Os dois últimos itens não se enquadram nas definições científicas de alfabetização – devem ser parte importante do ensino da língua antes e durante o primeiro ano – mas é incorreto incorporá-las à definição de alfabetização. Ao final do 1º ano, crianças não são capazes de produção escrita autônoma – a não ser escrever palavras ou frases isoladas ou compreender textos que elas mesmas leem -, dadas as limitações de fluência. Os textos que elas precisam compreender já no 1o ano são muito mais avançados do que os textos que elas devem ser capazes de ler.

Daqui em diante, é necessário que estados e municípios se compenetrem a respeito das questões que o decreto suscita. O mesmo se aplica às universidades e às entidades não governamentais que militam nessa área. Não dá mais para colocar adjetivos junto com a definição da alfabetização. Não dá mais para falar em alfabetização até os 8 anos ou no 2º, 3º ou qualquer outro ano. Não dá mais para falar em evidências científicas e não mencionar a importância de usar o método fônico. Não dá mais para o vale-tudo e a falta de evidências.

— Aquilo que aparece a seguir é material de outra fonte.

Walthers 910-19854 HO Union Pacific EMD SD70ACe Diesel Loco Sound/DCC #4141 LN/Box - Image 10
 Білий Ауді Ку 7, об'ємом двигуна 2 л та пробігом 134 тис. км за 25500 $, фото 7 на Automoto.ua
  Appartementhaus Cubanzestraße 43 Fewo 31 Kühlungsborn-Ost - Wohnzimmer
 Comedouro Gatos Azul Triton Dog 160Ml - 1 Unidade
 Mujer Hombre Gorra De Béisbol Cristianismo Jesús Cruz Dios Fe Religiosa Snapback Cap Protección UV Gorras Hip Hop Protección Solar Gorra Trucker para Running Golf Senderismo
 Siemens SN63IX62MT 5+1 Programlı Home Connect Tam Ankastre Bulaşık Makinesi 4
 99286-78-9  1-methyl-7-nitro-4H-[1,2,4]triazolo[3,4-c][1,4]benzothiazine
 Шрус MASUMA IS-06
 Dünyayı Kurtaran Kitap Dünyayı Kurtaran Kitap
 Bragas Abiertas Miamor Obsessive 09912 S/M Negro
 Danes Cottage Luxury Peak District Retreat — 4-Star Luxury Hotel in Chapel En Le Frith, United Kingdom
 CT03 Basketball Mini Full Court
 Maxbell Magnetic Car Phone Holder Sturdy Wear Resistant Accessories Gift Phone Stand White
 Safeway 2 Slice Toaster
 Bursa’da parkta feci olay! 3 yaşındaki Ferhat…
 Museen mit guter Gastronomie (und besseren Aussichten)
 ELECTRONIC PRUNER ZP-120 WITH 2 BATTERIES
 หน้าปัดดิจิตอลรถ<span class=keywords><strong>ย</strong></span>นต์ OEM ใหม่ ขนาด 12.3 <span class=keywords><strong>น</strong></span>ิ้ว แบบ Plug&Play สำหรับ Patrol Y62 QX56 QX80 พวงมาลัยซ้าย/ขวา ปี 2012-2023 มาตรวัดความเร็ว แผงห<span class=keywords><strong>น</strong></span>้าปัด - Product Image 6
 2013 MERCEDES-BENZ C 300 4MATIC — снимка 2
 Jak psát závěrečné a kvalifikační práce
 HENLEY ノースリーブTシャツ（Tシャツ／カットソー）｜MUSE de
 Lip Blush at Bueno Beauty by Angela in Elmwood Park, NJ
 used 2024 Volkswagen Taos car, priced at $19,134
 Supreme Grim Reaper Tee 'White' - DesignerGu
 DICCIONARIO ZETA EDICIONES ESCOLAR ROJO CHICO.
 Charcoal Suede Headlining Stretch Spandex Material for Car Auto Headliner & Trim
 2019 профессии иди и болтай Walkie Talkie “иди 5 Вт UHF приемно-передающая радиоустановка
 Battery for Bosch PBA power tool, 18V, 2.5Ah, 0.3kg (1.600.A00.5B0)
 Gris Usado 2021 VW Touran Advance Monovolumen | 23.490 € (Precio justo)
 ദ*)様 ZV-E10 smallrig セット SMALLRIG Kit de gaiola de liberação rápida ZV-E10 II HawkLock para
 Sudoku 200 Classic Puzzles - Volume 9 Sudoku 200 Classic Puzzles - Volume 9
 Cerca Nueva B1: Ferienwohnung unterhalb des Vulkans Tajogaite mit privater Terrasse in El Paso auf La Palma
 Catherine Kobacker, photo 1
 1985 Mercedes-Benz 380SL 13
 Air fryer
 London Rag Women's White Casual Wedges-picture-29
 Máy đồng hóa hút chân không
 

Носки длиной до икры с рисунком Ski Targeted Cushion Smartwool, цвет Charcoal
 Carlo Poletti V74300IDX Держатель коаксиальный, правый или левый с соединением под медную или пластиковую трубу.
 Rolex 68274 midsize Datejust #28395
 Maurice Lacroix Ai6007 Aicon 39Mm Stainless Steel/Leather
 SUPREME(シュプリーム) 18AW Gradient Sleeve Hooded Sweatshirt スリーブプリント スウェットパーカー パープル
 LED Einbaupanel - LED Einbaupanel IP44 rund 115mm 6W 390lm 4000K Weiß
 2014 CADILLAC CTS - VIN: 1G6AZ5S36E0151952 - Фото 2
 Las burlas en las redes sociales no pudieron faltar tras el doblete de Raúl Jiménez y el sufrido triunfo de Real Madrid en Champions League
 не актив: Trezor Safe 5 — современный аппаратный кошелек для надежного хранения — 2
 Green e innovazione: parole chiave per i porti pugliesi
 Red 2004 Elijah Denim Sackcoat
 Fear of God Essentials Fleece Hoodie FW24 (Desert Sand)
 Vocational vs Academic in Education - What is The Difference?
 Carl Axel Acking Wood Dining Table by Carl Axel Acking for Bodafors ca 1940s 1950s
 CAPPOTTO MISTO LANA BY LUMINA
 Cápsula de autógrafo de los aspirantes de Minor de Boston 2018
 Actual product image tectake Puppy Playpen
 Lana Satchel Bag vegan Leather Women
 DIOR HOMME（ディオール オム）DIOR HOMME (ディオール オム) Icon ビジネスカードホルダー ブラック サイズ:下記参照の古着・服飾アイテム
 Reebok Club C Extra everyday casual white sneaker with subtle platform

No ano de 2000, junto com Simon Schwartzman, publiquei o livro A Escola Vista por Dentro, em que, pela primeira vez, registrei os desacertos das políticas e práticas de alfabetização no Brasil. No ano de 2003, a Câmara dos Deputados, sob iniciativa do deputado Gastão Vieira, patrocinou a realização de um seminário internacional sobre o tema que nunca foi levado a sério pelo governo nem pelos educadores. Em 2008, o então ministro Fernando Haddad tentou levar o tema para dentro do MEC, mas foi massacrado e, embora convencido da importância do tema, não levou adiante o seu projeto. Em 2011 a Academia Brasileira de Ciências produziu um documento a respeito, também solenemente ignorado pela comunidade educacional e pelo MEC. Em 2014, o Instituto Alfa e Beto promoveu um Seminário Internacional para discutir a Avaliação Nacional da Alfabetização, concluindo pela total inadequação e inutilidade do teste do Inep, e essas recomendações também foram ignoradas pelas várias gestões do Inep desde então. Durante a elaboração da BNCC, um grupo de cientistas tentou colaborar, mas foi de novo ignorado pelas autoridades do MEC. Portanto, é com muita alegria que comemoro – com as crianças brasileiras e com a equipe da Secretaria de Alfabetização a abertura de um novo cenário. O novo ministro demonstrou coragem e prudência. Ponto para ele também.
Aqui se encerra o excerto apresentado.